■ Task to complete ■
Could you set down the listing below exactly, leaving out its pictures?
BEGIN Supplied data
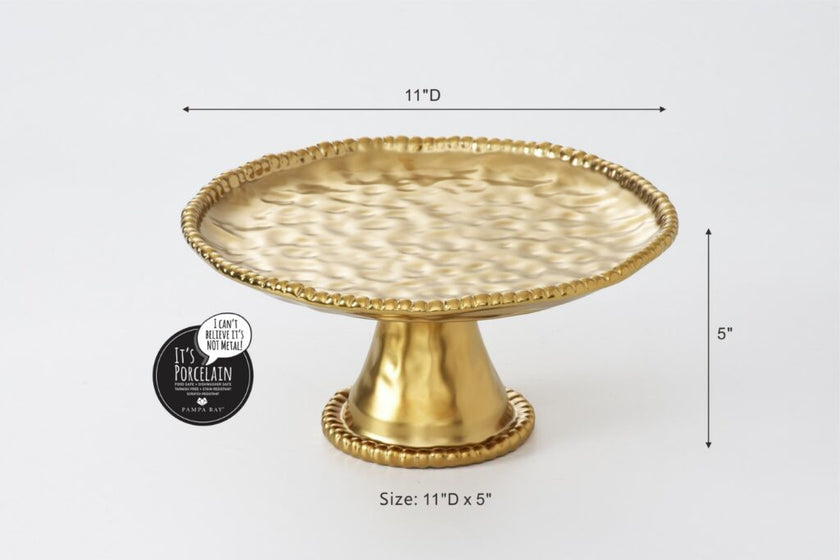 Pampa Bay - Monte Carlo Round Cake Stand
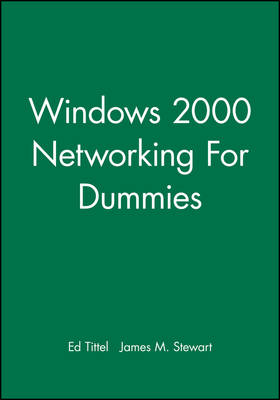 Book cover for Windows 2000 Networking for Dummies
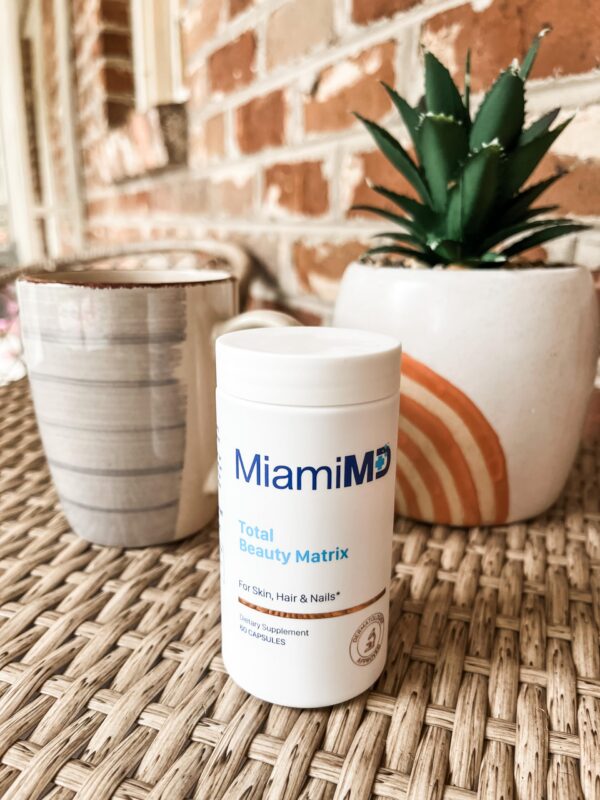 Cápsulas de colágeno con vitamina C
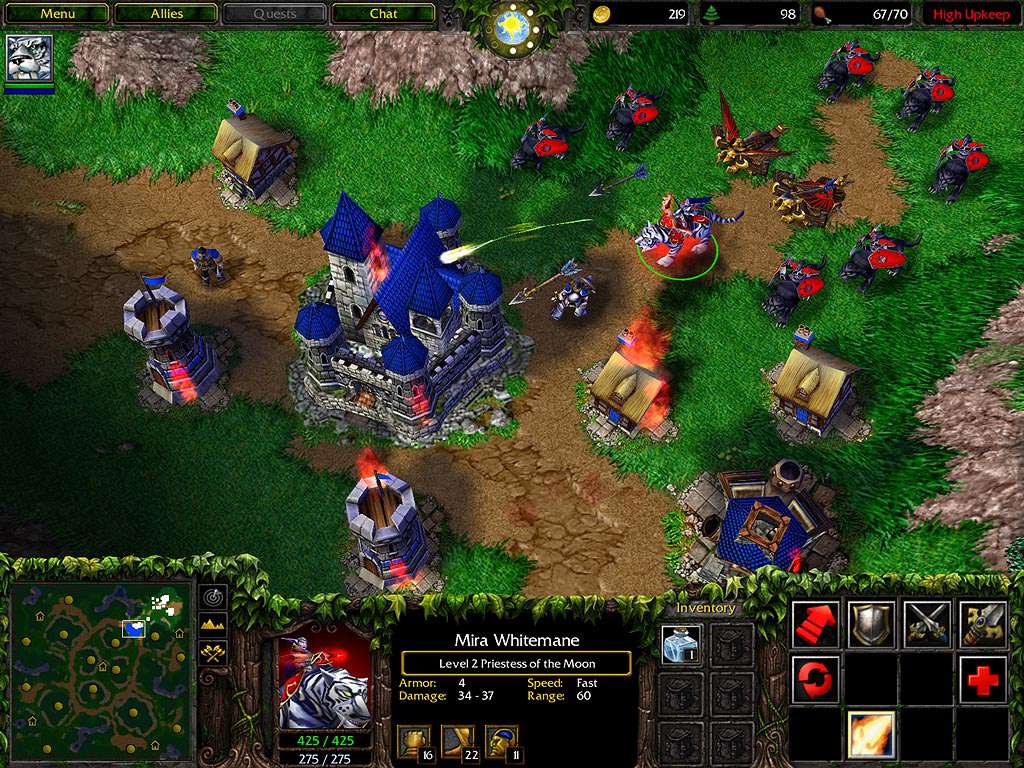 Warcraft 3 Review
END Supplied data
■ Response area ■
 Pampa Bay - Monte Carlo Round Cake Stand
 Book cover for Windows 2000 Networking for Dummies
 Cápsulas de colágeno con vitamina C
 Warcraft 3 Review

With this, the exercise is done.